ABOUT THIS TASK:
Pictures should be omitted; restate word for word the lines from the one holding "Um campo agrícola com alho em crescimento" through the last line of the entries below.

LISTED RECORDS:
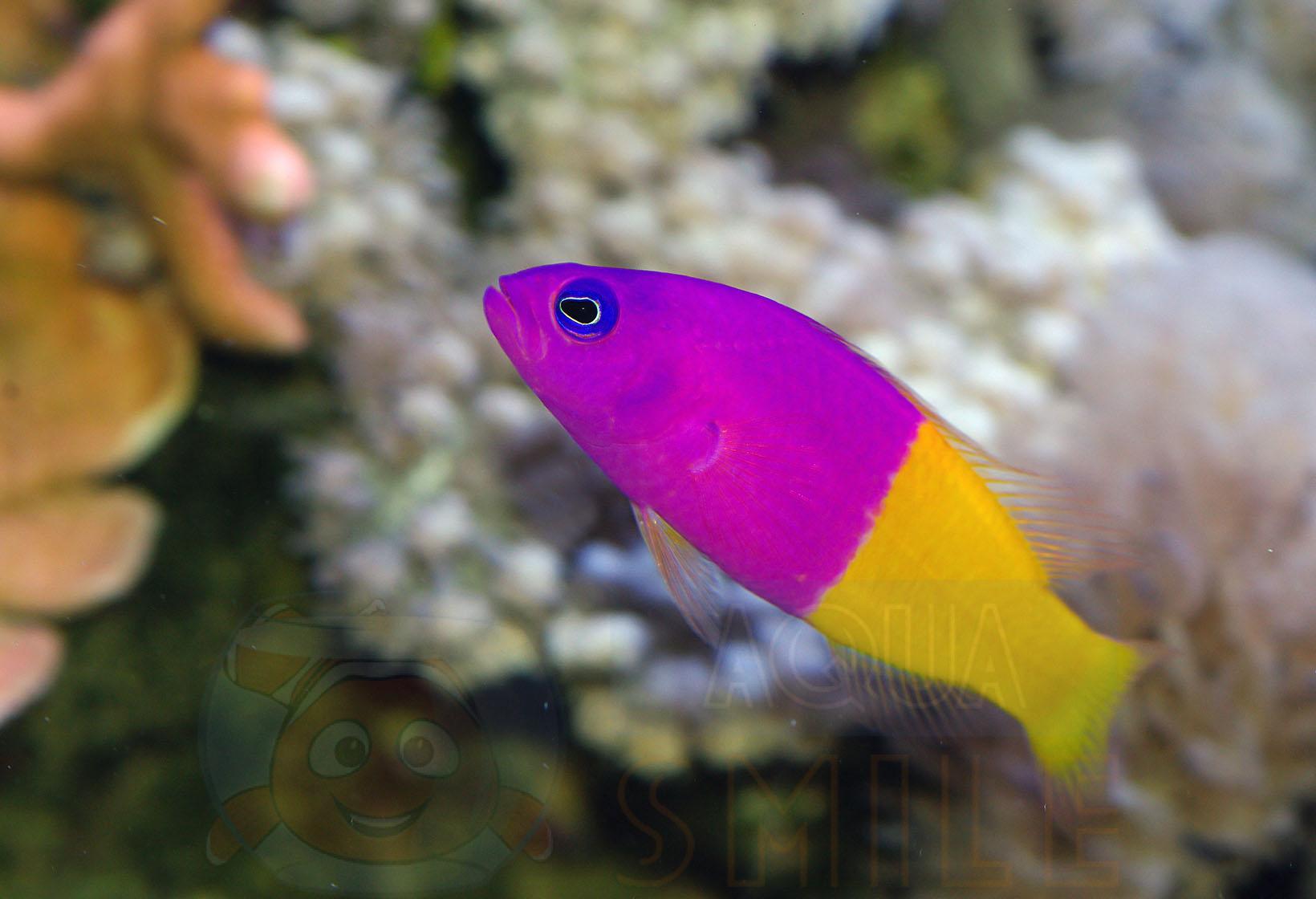 Риба хибнохроміс Pseudochromis paccagnellae, Royal Dottyback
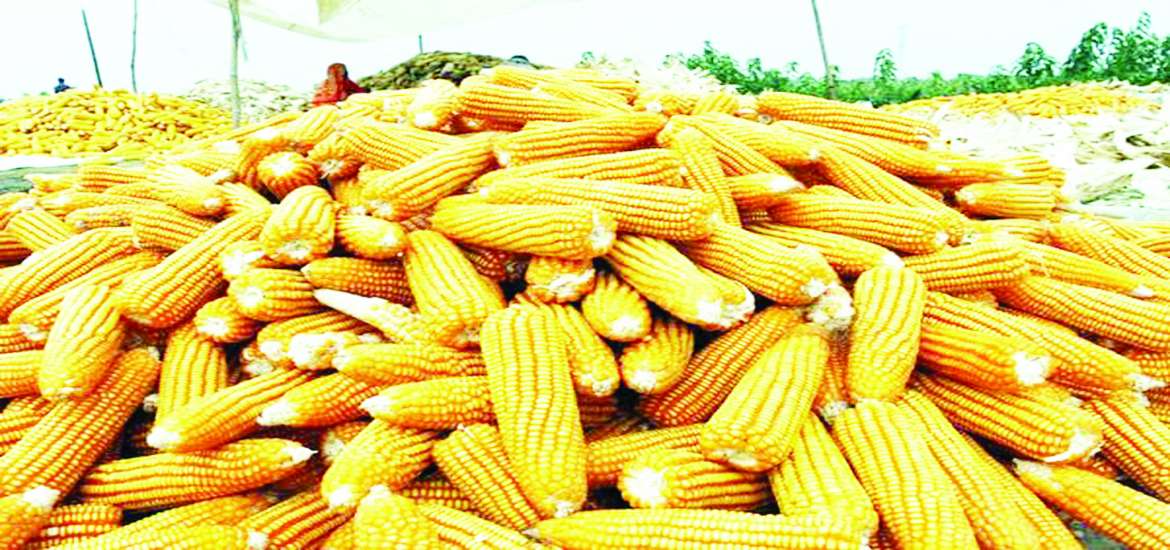 ဆောင်းပါး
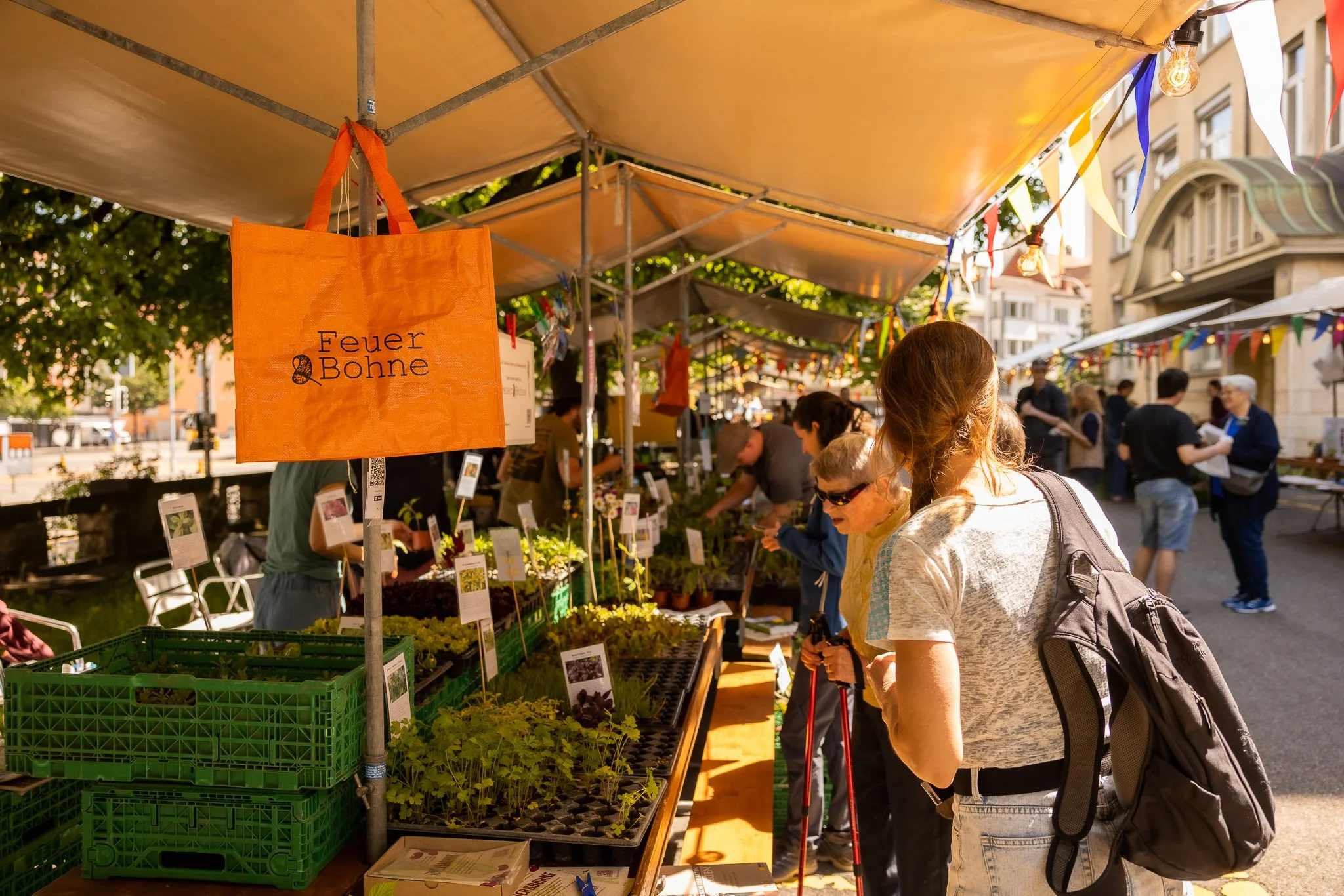 Setzlingsmarkt2025_FinjaBasan-137.jpg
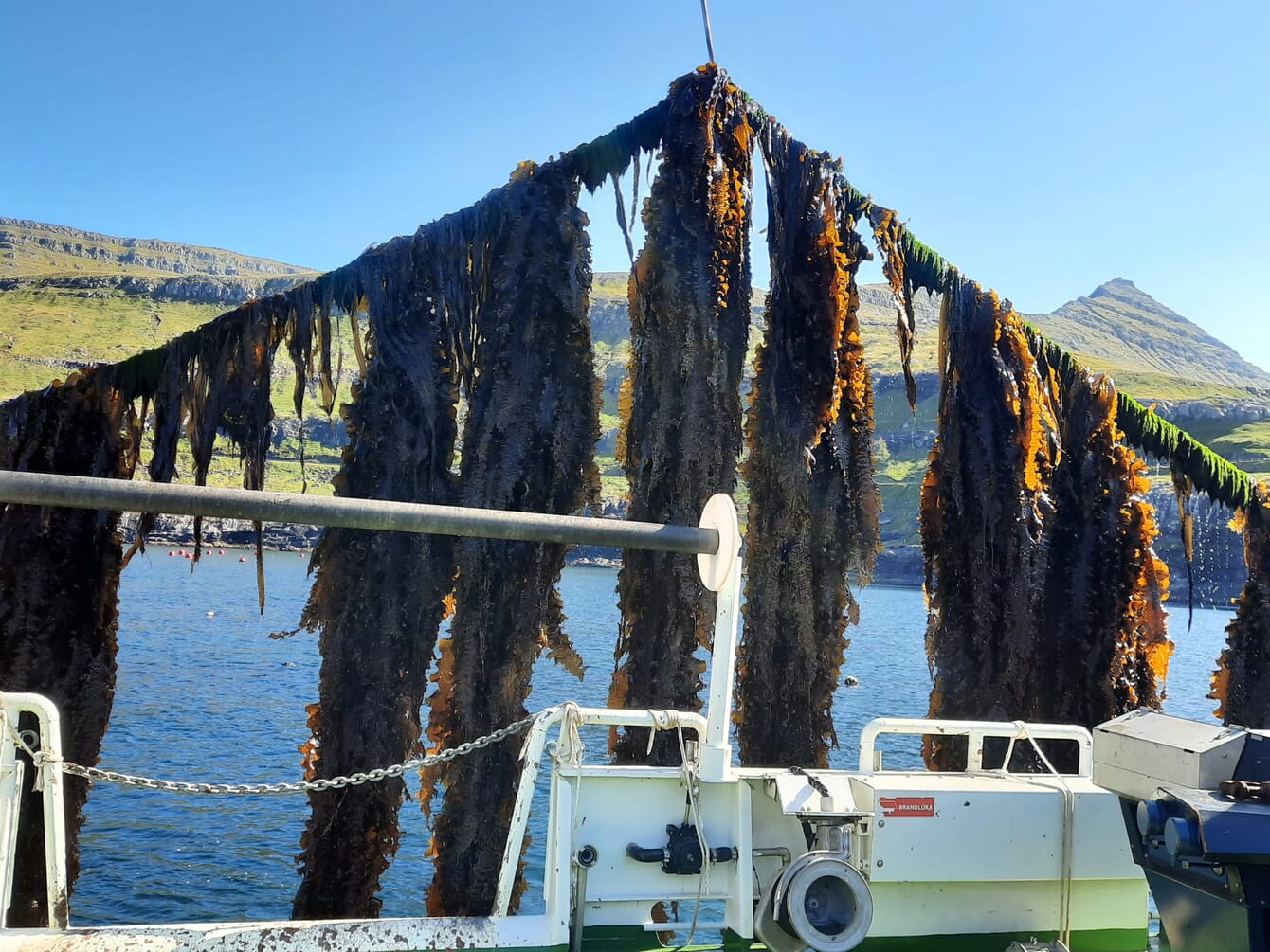 seaweed growing on a rope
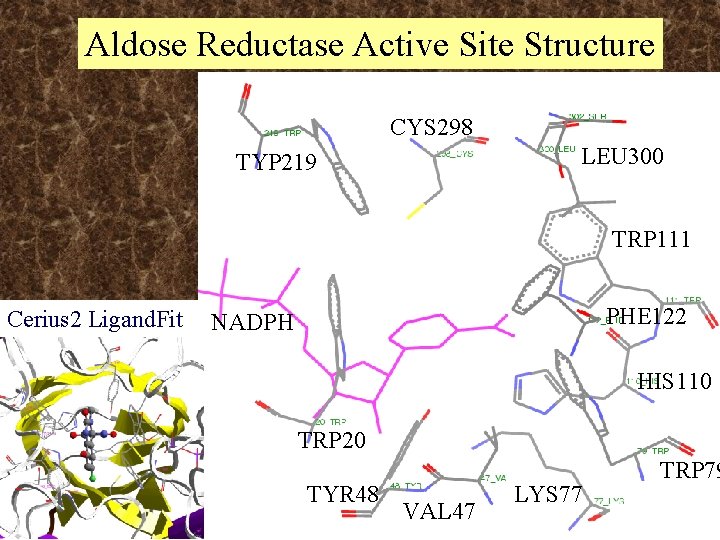 Aldose Reductase Active Site Structure CYS 298 LEU 300 TYP 219 TRP 111 Cerius Aldose Reductase Active Site Structure CYS 298 LEU 300 TYP 219 TRP 111 Cerius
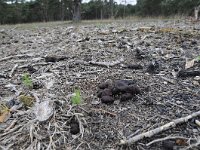 Rhizina undulata 3, Oliebolzwam, Saxifraga-Luuk Vermeer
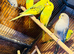 Young and Adult budgies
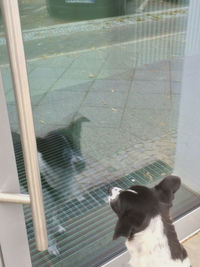 View of dog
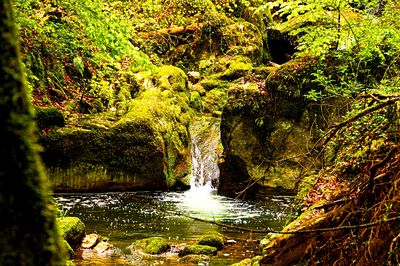 Mountain Stream, Switzerland Download Jigsaw Puzzle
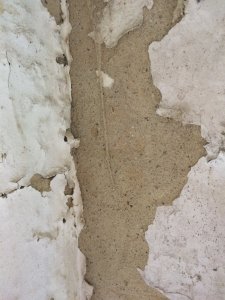 IMG_2130.JPG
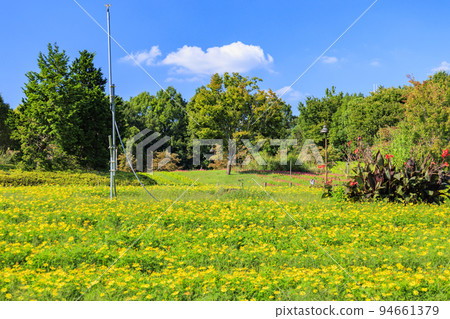 Umamikyuryo 公園 秋天的花朵盛開 Umamikyuryo 公園 秋天的花朵盛開 94661379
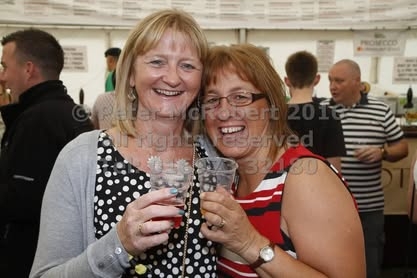 2016 beer festival sunday pic (46)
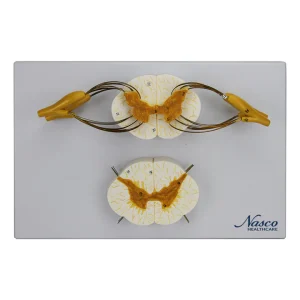 SKU: MG29407  Spinal Cord with Nerves Model, 8X Enlarged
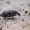 Mažasis pušinis straubliukas - Hylobius pinastri | Fotografijos autorius : Vilius Grigaliūnas | © Macrogamta.lt | Šis tinklapis priklauso bendruomenei kuri domisi makro fotografija ir fotografuoja gyvąjį makro pasaulį.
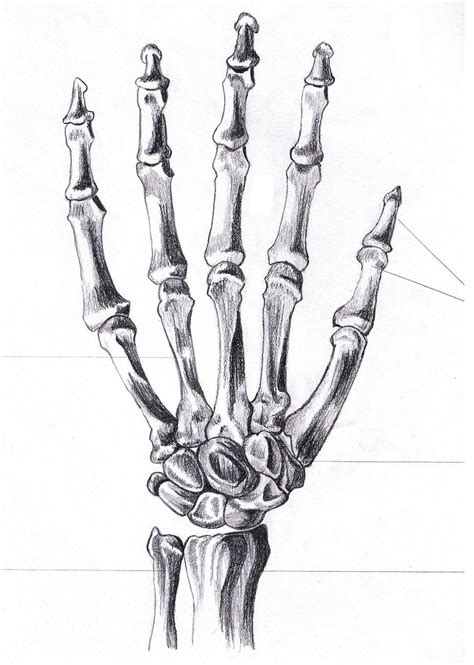 Esqueleto Da Mão Esqueleto Da Mão Osso Mão Desenhos De Esqueleto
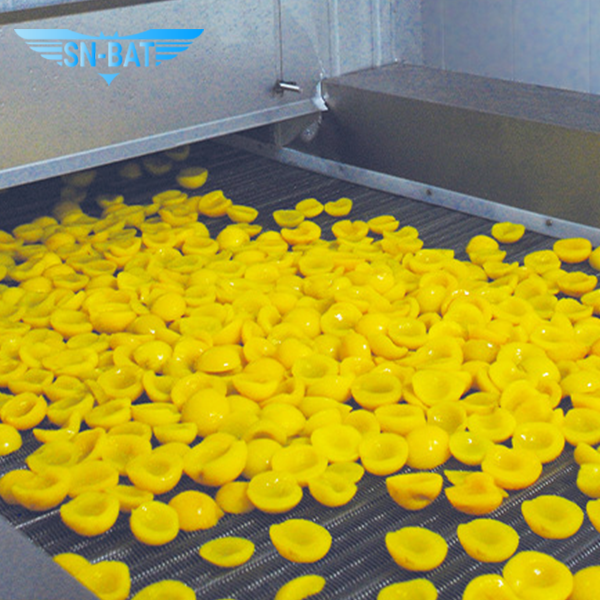 Fluidized Bed Individual Quick Freezer (IQF)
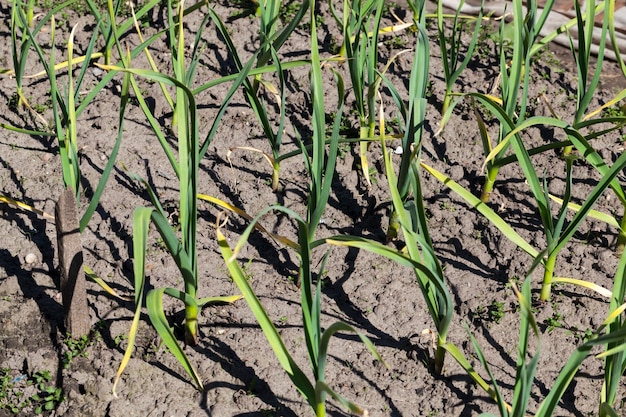 Um campo agrícola com alho em crescimento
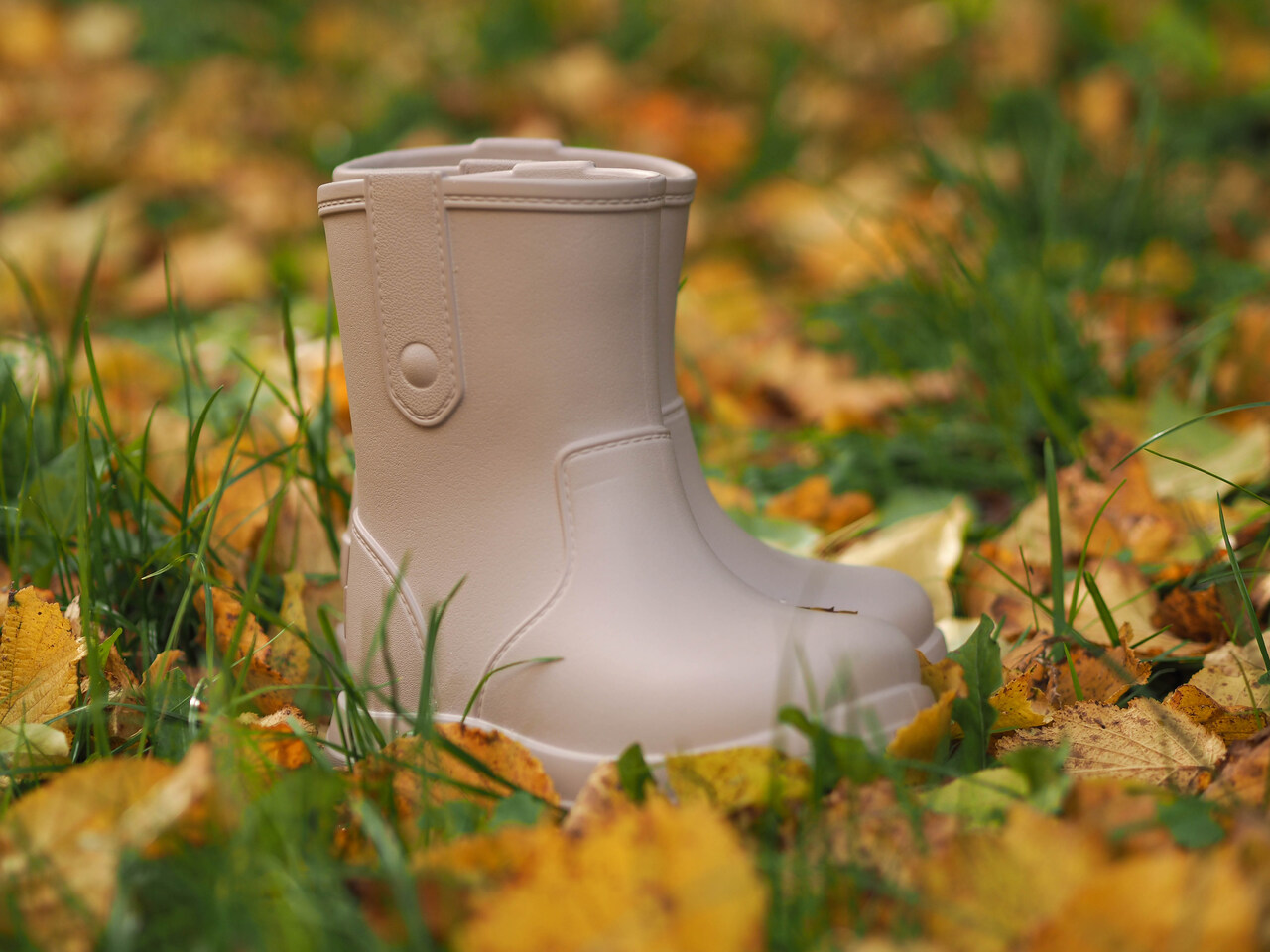 Camminare termokummik Bear camel - Image 5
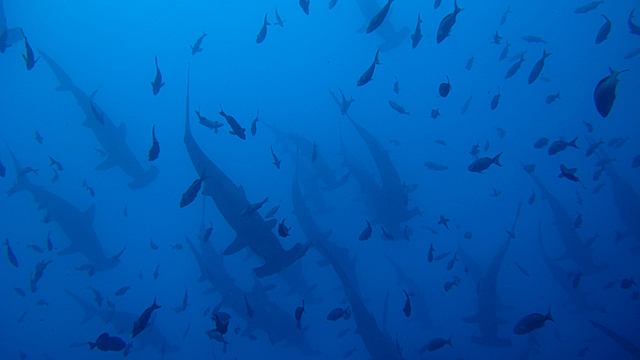 恒达手机版登陆 海洋保护区无法抵御气候变化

REPLY TO THE EXERCISE:
 Um campo agrícola com alho em crescimento
 Camminare termokummik Bear camel - Image 5
 恒达手机版登陆 海洋保护区无法抵御气候变化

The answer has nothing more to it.